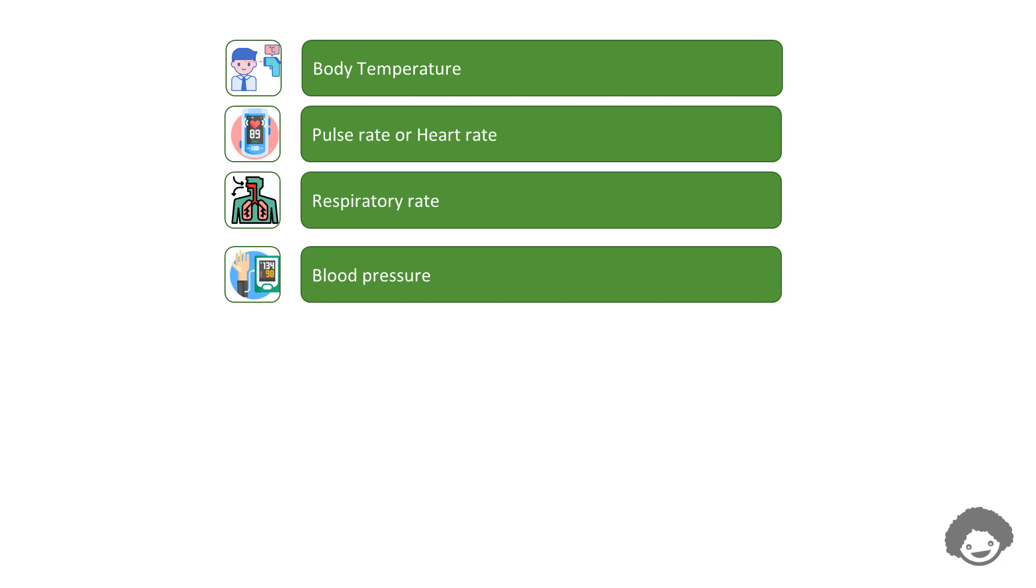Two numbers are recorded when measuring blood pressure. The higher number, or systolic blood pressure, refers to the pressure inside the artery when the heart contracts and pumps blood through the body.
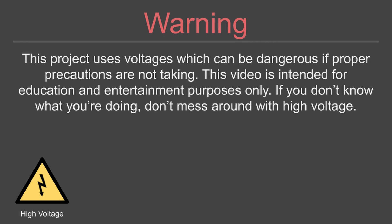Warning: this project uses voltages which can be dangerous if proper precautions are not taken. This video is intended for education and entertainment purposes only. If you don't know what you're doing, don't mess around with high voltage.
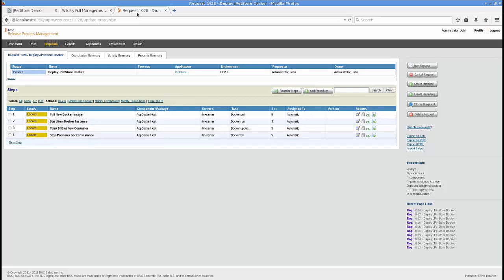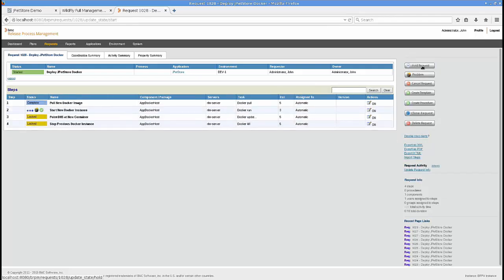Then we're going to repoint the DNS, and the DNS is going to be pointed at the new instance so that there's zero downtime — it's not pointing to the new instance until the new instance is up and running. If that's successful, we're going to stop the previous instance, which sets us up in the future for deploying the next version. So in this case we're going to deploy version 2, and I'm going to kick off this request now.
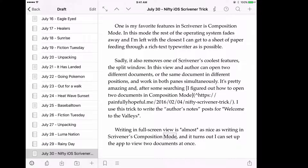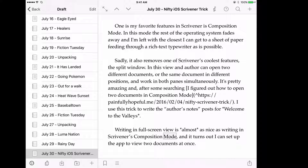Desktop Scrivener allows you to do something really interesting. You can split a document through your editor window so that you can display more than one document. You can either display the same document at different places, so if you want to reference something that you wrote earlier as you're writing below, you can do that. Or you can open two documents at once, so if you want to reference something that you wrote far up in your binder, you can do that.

• • • • • • •

• Problem to work on
Return only the lines from the start of the data through the line that contains "Then we're going", please, copying them exactly and omitting all pictures.

• Answer for this exercise
Two numbers are recorded when measuring blood pressure. The higher number, or systolic blood pressure, refers to the pressure inside the artery when the heart contracts and pumps blood through the body.
Warning: this project uses voltages which can be dangerous if proper precautions are not taken. This video is intended for education and entertainment purposes only. If you don't know what you're doing, don't mess around with high voltage.
Then we're going to repoint the DNS, and the DNS is going to be pointed at the new instance so that there's zero downtime — it's not pointing to the new instance until the new instance is up and running. If that's successful, we're going to stop the previous instance, which sets us up in the future for deploying the next version. So in this case we're going to deploy version 2, and I'm going to kick off this request now.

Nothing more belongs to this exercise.